Exercise objective:
Please print, exactly, only the lines in the entries below from the line that has "Elderly people taking a rest under the trees" through the line that has "Cirrhochrista bracteolalis". Pictures don't go in.

BEGIN Data provided

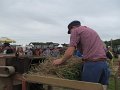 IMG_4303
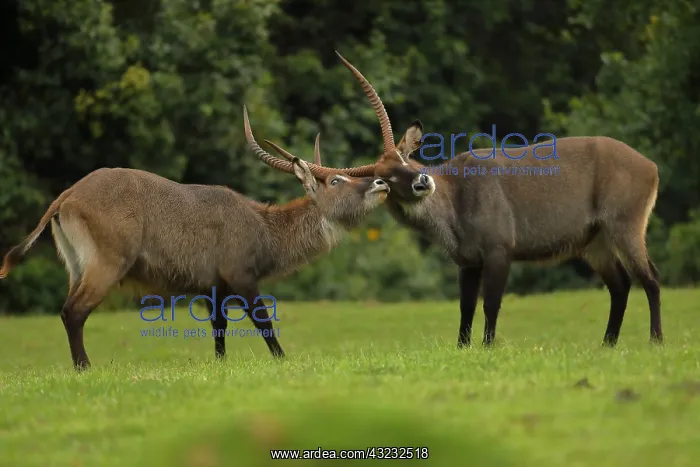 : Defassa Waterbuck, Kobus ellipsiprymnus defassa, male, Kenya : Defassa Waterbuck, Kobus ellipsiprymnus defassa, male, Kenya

END Data provided
BEGIN Data provided

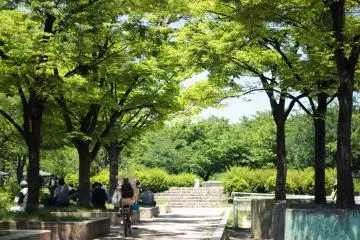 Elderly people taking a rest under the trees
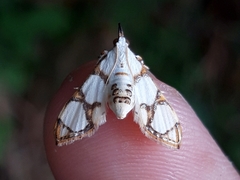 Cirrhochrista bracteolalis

END Data provided

Your solution:
 Elderly people taking a rest under the trees
 Cirrhochrista bracteolalis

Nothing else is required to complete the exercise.